22 Eylül 2009 Salı

Kasımpaşa 1-3 Galatasaray: 8de değil 88de



İlginç, konuşmaya pek de değmeyecek bir maç oldu benim gözümde. Çok erken koparıp şov ve fark olabilecek maç gerçekten şok edici bir kararla 80 dk uzatıldı. O pozisyonda el olduğunu görmesen bile topun adamı geçtikten sonra geri dönmesi için el dışı bir ihtimal olduğunu anlayıp yorumlayabilmen gerekir. Ama maçın tombul hakemi İlker Meral bu pozisyonu bile göremedi. O kararın takım üzerinde yaptığı olumsuz bir etki oldu sonrasında, hadi hemen golü bulalım havasında çok da ciddiye almamaya başladı oyuncular savunma görevlerini. Kasımpaşa her ne kadar 0 puanla ligin dibine demir atmış bir takım olsa da oyuncu kalitesi olarak çok da kötü bir takım olduğunu iddia edemeyiz. Özellikle Dc/Fc Azar ve Delgadonun anne bir baba ayrı kardeşi Moritz (sakin olun salladım sadece :) hücum hattında oyuncularımızı zorlayacak yeteneğe sahip oyuncular. Ve işte dakika 26da Sabrinin ilerde kaldığı pozisyonda Kewellin ve Canerin gerekli desteği de verememesi çok kolay bir gol yememize sebep oldu. Rijkaardın bugüne kadar uygulamaya çalıştığı sistem adına şaşırtıcı olan şey bir ofansif bir defansif bek anlayışından vazgeçip 2 ofansif bekle çıkarmış olmasıydı takımı. Eğer Hakan dinlendirilmek isteniyorsa Sabri de dinlendirilip Uğurla başlanabilirdi belki, neyse sağlık olsun. İlk yarı boyunca Kasımpaşa resmen bizimle başabaş mücadele etti ve açıkçası tehlikeli 1-2 pozisyon daha buldular. Bizdeyse Arda inanılmaz pozisyonları harcadı :) Ardanın performansı Galatasaray açısından önemli ve Arda bu sistemin sol kanadında rahat değil, çünkü 4-4-2nin sol kanadı olarak oynamaya alışmış. Arda bu sistemde ortada rahat ediyor ve bu maç sahaya çıkan kadro özelinde Elano sağda Arda ortada Kewell solda olarak tercih yapılsa daha verimli bir hücum olabilirdi.

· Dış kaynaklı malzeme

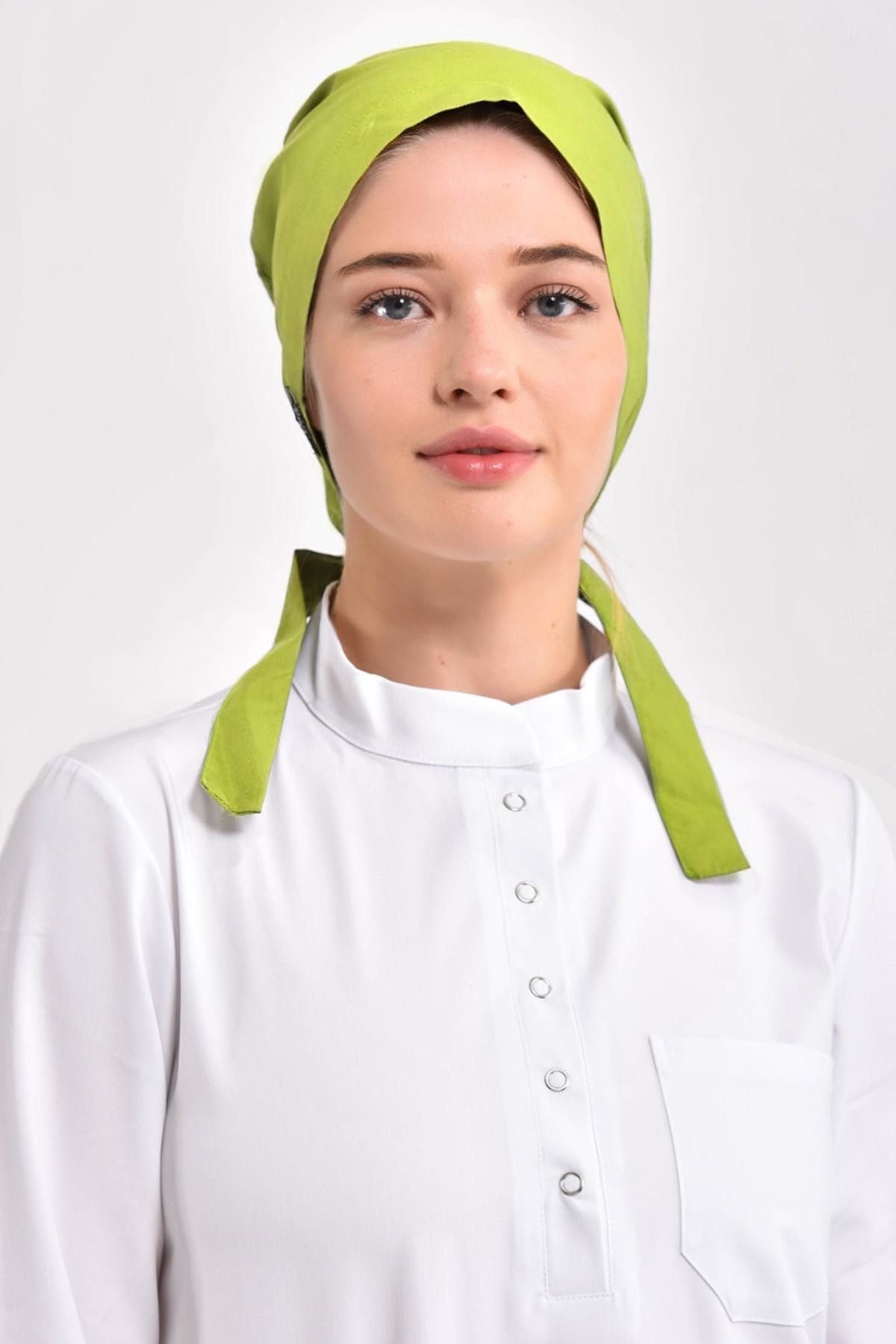 Limon Yeşili Likralı Cerrahi Tesettür Bone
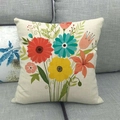 Square linen pillow cover featuring vibrant colorful floral patterns on a cream base - 45cmx45cm / Abstract Colorful Floral Mix (4)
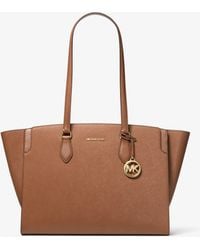 MICHAEL Michael Kors - Mk Becca Large Saffiano Leather Tote Bag - Lyst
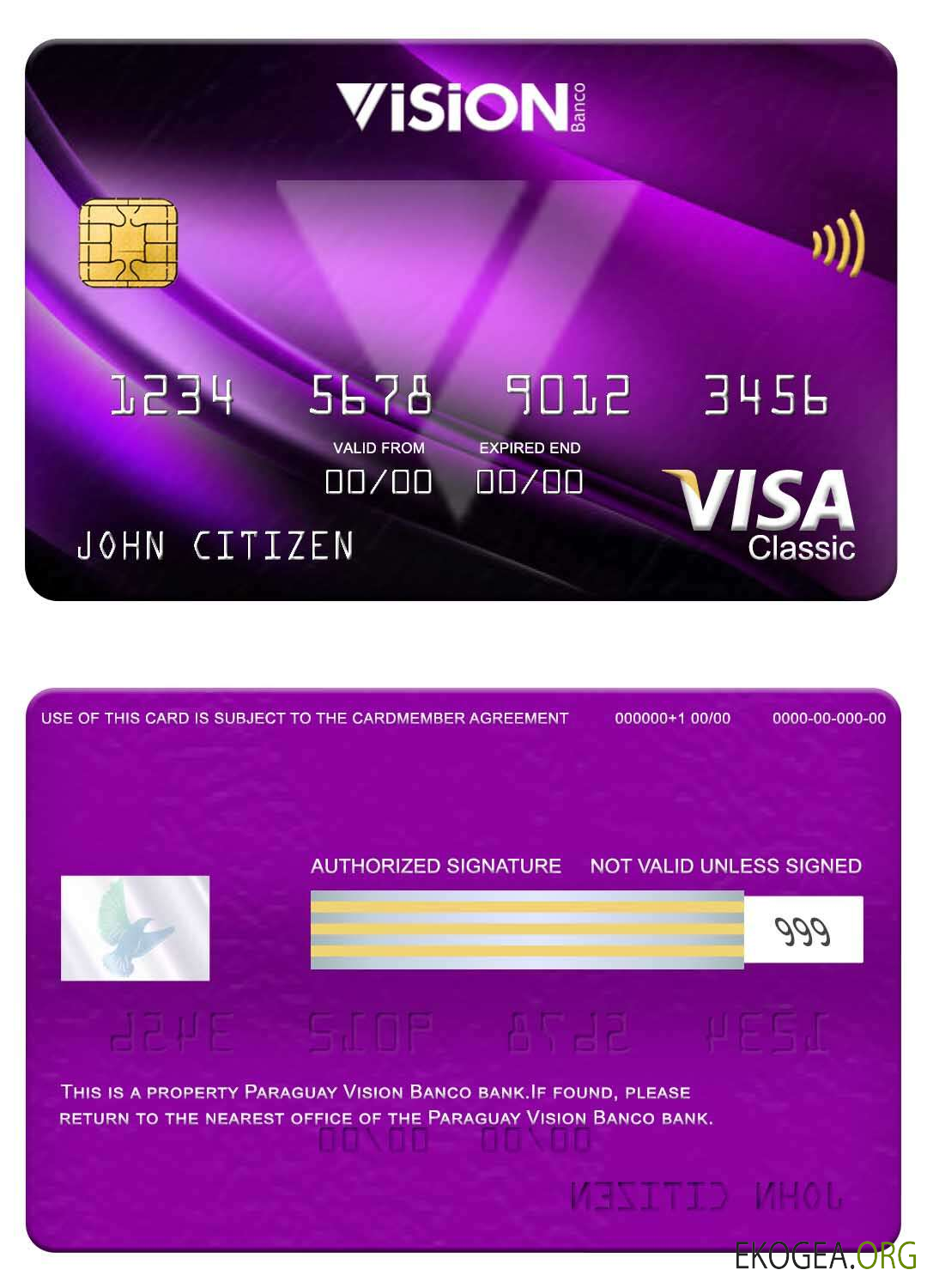 Carte visa classique de la banque Paraguay Vision Banco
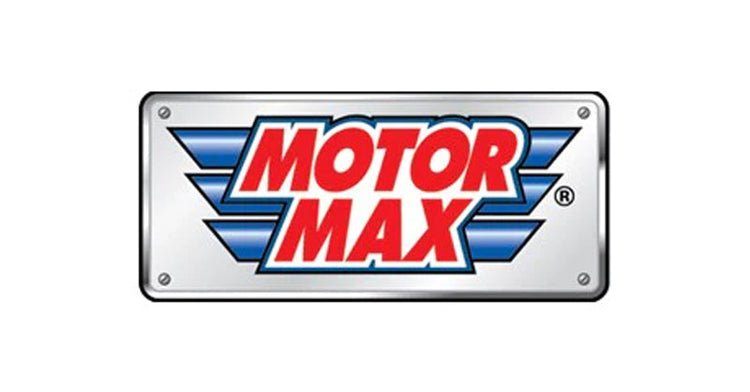 Motor Max logo featuring bold red text reading 'Motor Max' in all caps, overlaid on blue horizontal stripes resembling wings, framed within a metallic silver border.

2. yarı değerlendirmesinden önce bilet fiyatları konusuna değinmek gerekiyor. Kombinesi 100 lira olan bir kulübün tek maç biletinin 120 lira olmasını açıklayacak en hafif tabir işgüzarlıktır. Adnan Polatın bu duruma tepkisini çok takdir ettim, taraftarla da sorun yaşamadan tam tersine gollerde kucaklaşarak güzel bir maç izledi sanırım kendisi. Aklıma gelen bir düşünce de Özhan Canaydın aynı hareketi yapsa o tribünde başına ne gelirdi acaba? Liseli olmadığı için her ne kadar bir grubun Adnan Polata tepkisi olsa da Galatasarayın çıkarları en önemlisi ve bunları koruyan bir başkana sahip olmak liseli bir başkana sahip olmaktan daha önemli bir nokta olarak ön plana çıkıyor.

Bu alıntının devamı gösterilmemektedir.